Further, the length measuring monitor of this embodiment, 25 contact holes arranged in 5 rows × 5 columns corresponding to the dense state of the actual pattern and the sparseness of the actual pattern. Comparing the measurement results of a single contact hole corresponding to each state, there is a difference of 0.009 μm in CD loss, a difference of 0.016 μm in PER and a difference of 0.002 μm in PRR. This is due to the proximity effect in the lithography process due to the density of the pattern and the micro roll in the etching process.
This is probably because it reflects the different Ding effect.

[0026]

As described above, according to the length measuring monitor of the present invention, a line monitor in which a plurality of lines corresponding to an actual pattern are arranged in parallel and a plurality of contacts corresponding to the actual pattern are provided. Since we are using a hole monitor that has holes arranged in a matrix, we can simulate conditions that are very close to the actual pattern, such as a memory cell with many adjacent Al wirings and contact holes. Since the monitor that can be reproduced and has a small difference from the actual pattern and the actual pattern state of the LSI can be obtained, the reliability of the measurement result is improved and the actual pattern is improved. Need not be measured directly.

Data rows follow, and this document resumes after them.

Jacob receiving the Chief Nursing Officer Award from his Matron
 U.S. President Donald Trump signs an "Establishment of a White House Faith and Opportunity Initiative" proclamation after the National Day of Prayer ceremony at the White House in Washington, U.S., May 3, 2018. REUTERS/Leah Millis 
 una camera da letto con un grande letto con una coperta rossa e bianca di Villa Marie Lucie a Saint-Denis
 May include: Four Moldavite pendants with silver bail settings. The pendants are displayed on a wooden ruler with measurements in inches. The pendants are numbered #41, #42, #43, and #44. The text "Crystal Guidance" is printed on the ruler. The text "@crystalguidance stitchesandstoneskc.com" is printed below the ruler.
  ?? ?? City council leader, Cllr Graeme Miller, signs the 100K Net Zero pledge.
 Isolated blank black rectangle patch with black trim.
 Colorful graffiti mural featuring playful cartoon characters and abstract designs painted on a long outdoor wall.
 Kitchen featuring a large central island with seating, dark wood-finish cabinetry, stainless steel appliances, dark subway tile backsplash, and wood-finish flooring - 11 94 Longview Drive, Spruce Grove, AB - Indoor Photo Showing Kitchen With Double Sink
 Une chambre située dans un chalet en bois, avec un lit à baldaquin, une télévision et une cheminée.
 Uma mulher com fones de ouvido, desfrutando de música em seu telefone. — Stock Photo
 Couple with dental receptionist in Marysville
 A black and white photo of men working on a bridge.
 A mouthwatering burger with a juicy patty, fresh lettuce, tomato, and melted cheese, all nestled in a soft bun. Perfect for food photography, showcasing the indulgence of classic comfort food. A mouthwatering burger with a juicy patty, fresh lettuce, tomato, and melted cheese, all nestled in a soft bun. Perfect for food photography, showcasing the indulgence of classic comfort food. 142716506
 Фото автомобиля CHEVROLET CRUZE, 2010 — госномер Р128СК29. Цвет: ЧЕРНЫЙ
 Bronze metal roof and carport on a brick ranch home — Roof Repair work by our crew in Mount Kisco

Further, as compared with the case where the actual pattern is directly measured, it is not necessary to create a program for controlling the length-measuring SEM for each pattern of each chip on the wafer. As a result, it is possible to suppress the increase in the time for creating the program file, which has been caused by the increase in the program size, and the complication of the length measurement work, which is accompanied by the increase.

Further, since the recognition pattern is arranged corresponding to each monitor, each monitor can be easily brought into the visual field of the length measuring SEM.

[Brief description of drawings]

FIG. 1 is a top view illustrating a length measuring monitor according to an embodiment of the present invention.

FIG. 2 is a top view illustrating a line monitor according to an embodiment of the present invention.

FIG. 3 is a top view illustrating a hole monitor according to an embodiment of the present invention.

FIG. 4 is a top view illustrating a conventional length measuring monitor.

Claims (2)

[Claims] 1. A line monitor in which a plurality of lines corresponding to an actual pattern are arranged in parallel and a hole monitor in which a plurality of contact holes corresponding to an actual pattern are arranged in a matrix form on a scribe line. A length measurement monitor characterized by being arranged in a matrix for each corresponding manufacturing process. 2. The length-measuring monitor according to claim 1, wherein a recognition pattern is arranged corresponding to each monitor.